First Semester Done.

First Semester Done — What's Next

I'm closing out my first semester in the MS in AI program at Grand Valley State University this week. Feels like a good moment to refresh the website and start writing here regularly. This is the first post in what I plan to be a slow, occasional blog — notes from the research, reflections on findings, the occasional piece on whatever else is on my mind.

Summer's coming and I'm heading into it with a clear goal: get the next phase of my research project off the ground. The project is called the Card Valuation Matrix, or CVM. It's a framework for evaluating trading card game cards across multiple value dimensions at once — not just "is this card good in tournaments," not just "is this card valuable on the secondary market," but how those two value systems relate, where they agree, and where they diverge.

CVM grew out of a class research project I led this past winter semester in CIS 635 (Knowledge Discovery and Data Mining). The core finding from that project: in Disney Lorcana TCG, the features that predict competitive winning aren't the same features that predict price. Rarity drives price; rarity does not predict winning. The cheapest archetype in the meta outperformed the most expensive one. The model that predicts tournament finishes ran near-random, which sounds like bad news until you realize it's actually evidence that the game is genuinely well-balanced — no archetype has a runaway advantage, no card is so dominant the meta collapses around it. That's healthy game design, and it shows up in the data.
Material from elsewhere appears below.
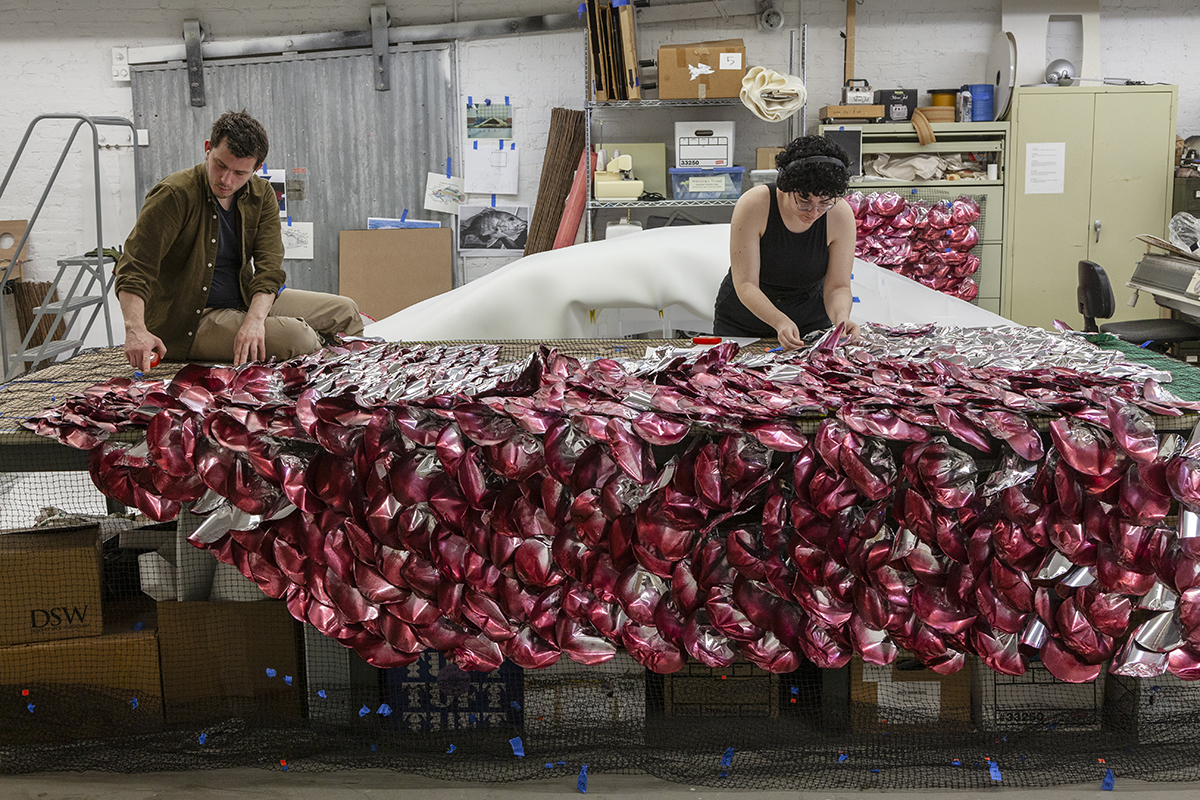 Two artists work in a studio to fit red-painted scales into a mesh fabric.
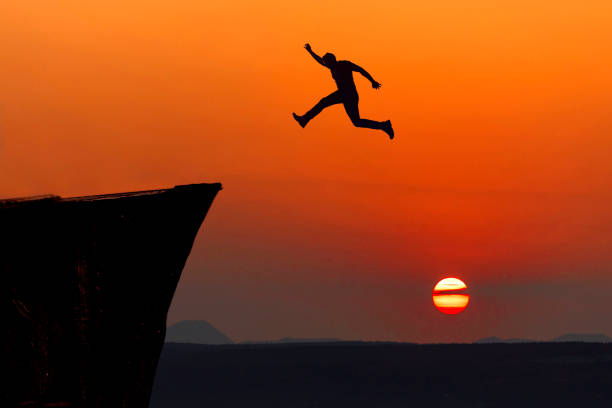 istock Go ahead and continuously improvement concept, silhouette man jump on a cliff 1411336844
CVM takes those findings seriously and turns them into a more rigorous framework — proper statistical treatment, handling for how value shifts as the meta changes, room for both competitive and collector value to show up as distinct signals. The summer work is bringing the methodology from designed-on-paper to running-on-real-data. By the end of summer I want to have findings worth writing into a real research paper.

And as a reward for putting in the work this year, I'm planning to play in the Disney Lorcana Challenge in Indianapolis this summer. There's something fitting about studying a game and then showing up to compete in it, and I'm looking forward to it.

Last thing — a thank you. Going back to school after the military isn't a small transition, and I haven't done any of this alone. To the friends, family, teammates, professors, and classmates who've been part of this past year: thank you. The support means more than I usually say out loud. There's a lot ahead, and I'm grateful to have you in it with me.

More soon.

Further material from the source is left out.